Three political coalitions will be involved in the battle for hearts and minds of the voters in Johore. They are the BN with Umno in the lead, PN lead by Bersatu and the PH by PKR.
As far as Umno is concerned, the Johore state elections are all about it gaining an electoral foothold in the country.
The recent Melaka elections and the much earlier by-elections have given confidence to Umno to go it alone with the other BN component parties.
I would say that the call for the Johore state elections was the work of Umno. In fact, the party wants to test its popularity in Johore before pressuring the federal government to call for the general elections.
If Umno/BN wins the state elections, the momentum to hold an early general elections will be geared up.
National popularity is one thing, but Umno wants to ensure that elections could be held early enough before the court makes decision on those charged or even convicted for corruption.
For the PN coalition headed by Bersatu, the breakaway faction from Umno, supported by PAS, the Johore state elections is all about its relevancy in Malaysian politics. Or alternatively, it is do or die, for the PN coalition.
It has come to the point where PAS deserted by Umno has no choice but to go along with Bersatu. Bersatu is unsure about making a difference in Johore politics, the “poster boy” Muhyiddin is not even keen to contest.
Malaysia’s alternative opposition coalition or PH is the third coalition component in the elections. It’s strength was to some extent reduced in both the Melaka and Sarawak state elections.
In both the elections, DAP seats were reduced to about half whereas PKR was wiped out. Amanah managed to win only one seat in Melaka.
In the Johore state elections, it was agreed within PH that PKR would use its own party logo whereas DAP and Amanah will use the coalition’s logo.
PKR given its poor performance in the Melaka and Sarawak state elections thinks that the change of logo might endear itself to the Malay voters.
It is argued that the PH’s logo was identified with the former prime minister Mahathir Mohammed’s stay in power for 22 months.

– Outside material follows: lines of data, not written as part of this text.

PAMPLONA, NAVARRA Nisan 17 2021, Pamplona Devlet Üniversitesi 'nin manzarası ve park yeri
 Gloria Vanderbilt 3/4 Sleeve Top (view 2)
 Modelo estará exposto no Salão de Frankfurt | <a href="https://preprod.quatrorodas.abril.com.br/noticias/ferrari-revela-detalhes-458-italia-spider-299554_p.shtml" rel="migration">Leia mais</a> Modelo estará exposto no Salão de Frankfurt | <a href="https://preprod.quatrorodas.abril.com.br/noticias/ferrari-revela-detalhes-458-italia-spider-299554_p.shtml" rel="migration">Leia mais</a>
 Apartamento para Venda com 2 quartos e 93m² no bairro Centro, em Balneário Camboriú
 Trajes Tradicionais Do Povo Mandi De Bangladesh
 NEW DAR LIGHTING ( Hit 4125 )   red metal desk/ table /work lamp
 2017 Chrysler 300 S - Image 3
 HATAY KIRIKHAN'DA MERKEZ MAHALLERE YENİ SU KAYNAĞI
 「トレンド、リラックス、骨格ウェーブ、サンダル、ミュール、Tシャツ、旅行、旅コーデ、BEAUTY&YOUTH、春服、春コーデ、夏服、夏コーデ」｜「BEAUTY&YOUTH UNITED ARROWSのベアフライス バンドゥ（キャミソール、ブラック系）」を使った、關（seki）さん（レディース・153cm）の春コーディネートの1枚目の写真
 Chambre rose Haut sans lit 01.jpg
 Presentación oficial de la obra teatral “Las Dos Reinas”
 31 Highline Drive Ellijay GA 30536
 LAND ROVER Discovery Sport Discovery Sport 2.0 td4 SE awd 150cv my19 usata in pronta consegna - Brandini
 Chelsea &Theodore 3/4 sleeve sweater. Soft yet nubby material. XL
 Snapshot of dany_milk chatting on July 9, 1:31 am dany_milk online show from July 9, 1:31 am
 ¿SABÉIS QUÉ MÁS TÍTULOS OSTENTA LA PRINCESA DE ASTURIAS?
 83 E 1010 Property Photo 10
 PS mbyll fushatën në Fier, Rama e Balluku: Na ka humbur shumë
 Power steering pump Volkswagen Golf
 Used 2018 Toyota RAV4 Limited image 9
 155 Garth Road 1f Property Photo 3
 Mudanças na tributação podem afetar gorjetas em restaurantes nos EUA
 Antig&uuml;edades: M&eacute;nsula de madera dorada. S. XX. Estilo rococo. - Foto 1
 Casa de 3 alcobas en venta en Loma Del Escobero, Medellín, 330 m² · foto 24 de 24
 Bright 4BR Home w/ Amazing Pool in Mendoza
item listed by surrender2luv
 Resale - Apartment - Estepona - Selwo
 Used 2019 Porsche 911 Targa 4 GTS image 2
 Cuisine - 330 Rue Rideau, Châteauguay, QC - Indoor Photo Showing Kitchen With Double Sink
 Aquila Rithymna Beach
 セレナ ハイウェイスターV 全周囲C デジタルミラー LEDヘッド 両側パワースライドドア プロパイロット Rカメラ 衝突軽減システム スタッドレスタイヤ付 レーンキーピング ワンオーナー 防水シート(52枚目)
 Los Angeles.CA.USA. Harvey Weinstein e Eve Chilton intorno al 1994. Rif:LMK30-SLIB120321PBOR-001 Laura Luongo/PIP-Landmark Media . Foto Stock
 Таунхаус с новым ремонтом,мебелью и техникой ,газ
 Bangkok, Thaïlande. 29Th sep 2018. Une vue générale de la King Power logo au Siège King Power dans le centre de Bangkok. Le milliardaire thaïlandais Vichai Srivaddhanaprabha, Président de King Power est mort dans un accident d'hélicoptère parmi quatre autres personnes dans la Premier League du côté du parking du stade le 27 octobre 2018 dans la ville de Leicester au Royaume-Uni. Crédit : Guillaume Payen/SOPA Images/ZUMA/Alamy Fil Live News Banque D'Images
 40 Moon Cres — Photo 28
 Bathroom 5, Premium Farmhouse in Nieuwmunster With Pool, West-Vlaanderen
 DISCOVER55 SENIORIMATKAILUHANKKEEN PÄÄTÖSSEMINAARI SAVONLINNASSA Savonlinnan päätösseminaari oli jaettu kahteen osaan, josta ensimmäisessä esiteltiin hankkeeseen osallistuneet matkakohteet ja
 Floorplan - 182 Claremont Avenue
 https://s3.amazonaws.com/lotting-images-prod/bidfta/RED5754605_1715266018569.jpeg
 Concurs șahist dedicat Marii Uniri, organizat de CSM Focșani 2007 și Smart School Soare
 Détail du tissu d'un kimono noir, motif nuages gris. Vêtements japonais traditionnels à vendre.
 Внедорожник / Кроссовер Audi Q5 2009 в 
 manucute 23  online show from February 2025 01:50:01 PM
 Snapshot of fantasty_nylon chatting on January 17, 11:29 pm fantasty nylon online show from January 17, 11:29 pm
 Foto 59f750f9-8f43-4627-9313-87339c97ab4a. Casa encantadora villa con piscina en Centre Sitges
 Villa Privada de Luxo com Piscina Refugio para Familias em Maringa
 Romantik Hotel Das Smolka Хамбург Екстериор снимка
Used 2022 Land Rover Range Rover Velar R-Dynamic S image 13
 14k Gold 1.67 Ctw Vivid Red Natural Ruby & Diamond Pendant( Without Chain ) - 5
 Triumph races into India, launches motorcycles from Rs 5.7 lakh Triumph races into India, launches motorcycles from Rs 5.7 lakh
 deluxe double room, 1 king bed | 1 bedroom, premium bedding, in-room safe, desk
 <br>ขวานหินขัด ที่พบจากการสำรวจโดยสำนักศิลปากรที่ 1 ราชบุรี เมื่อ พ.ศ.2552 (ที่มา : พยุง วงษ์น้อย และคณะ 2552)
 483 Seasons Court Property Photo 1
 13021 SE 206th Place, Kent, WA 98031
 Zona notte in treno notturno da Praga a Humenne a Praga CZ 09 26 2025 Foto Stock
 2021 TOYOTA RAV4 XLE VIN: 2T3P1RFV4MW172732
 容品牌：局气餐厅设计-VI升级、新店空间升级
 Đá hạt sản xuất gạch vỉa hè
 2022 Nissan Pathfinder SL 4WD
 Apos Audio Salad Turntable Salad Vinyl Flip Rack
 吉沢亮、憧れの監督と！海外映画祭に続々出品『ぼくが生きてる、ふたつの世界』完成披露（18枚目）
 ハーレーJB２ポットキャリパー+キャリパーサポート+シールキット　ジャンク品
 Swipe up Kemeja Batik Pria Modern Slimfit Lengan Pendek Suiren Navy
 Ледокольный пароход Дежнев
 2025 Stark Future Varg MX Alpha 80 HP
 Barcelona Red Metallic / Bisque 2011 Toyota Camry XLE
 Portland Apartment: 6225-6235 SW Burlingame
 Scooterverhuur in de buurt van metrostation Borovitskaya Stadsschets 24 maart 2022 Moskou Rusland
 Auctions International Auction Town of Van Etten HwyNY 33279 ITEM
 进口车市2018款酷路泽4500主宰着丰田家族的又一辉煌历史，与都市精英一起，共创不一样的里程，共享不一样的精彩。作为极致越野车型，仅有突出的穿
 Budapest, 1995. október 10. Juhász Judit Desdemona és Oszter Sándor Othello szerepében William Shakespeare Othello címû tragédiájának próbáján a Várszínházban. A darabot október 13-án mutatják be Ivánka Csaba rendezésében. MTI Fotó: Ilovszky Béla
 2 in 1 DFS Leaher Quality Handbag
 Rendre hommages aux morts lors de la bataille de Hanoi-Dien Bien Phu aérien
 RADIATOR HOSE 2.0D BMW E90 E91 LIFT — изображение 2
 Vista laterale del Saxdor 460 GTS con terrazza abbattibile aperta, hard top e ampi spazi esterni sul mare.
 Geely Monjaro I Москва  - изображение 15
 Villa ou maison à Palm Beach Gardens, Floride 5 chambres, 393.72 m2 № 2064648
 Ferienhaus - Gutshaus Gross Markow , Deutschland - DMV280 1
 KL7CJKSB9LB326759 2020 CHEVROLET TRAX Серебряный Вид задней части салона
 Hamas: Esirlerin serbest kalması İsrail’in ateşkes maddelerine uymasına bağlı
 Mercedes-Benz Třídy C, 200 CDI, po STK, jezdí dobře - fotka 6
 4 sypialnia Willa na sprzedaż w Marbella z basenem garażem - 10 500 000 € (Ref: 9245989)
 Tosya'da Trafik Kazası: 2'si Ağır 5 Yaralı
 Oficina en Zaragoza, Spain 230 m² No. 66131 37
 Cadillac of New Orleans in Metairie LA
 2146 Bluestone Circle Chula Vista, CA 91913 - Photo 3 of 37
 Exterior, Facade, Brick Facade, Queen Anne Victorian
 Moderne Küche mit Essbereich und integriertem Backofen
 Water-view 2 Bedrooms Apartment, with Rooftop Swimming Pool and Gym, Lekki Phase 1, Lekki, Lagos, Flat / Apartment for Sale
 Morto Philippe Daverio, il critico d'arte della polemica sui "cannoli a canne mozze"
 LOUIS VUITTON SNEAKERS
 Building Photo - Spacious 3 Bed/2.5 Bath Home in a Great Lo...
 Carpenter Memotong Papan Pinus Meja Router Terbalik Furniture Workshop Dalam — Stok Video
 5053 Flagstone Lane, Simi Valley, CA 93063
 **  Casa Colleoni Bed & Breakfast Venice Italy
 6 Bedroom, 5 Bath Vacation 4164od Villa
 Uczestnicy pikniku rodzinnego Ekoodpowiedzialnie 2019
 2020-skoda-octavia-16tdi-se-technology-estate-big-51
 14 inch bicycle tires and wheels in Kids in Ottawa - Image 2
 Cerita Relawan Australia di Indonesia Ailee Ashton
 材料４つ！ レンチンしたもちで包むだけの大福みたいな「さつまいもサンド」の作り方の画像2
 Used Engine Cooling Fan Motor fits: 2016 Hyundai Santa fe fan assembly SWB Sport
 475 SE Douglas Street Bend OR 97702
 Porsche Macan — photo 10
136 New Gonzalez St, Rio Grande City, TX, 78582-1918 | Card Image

It would be an uphill battle for PH to make a comeback to the strength and resilience it had before the 2018 general elections. I am not sure about the impact of the change of logo, but PH as whole is surely handicapped with memorandum of understanding (MOU) with the federal government.
While the MOU might have provided some representational and monetary gains to the opposition, it is surely a an obstacle when it comes oppositional politics.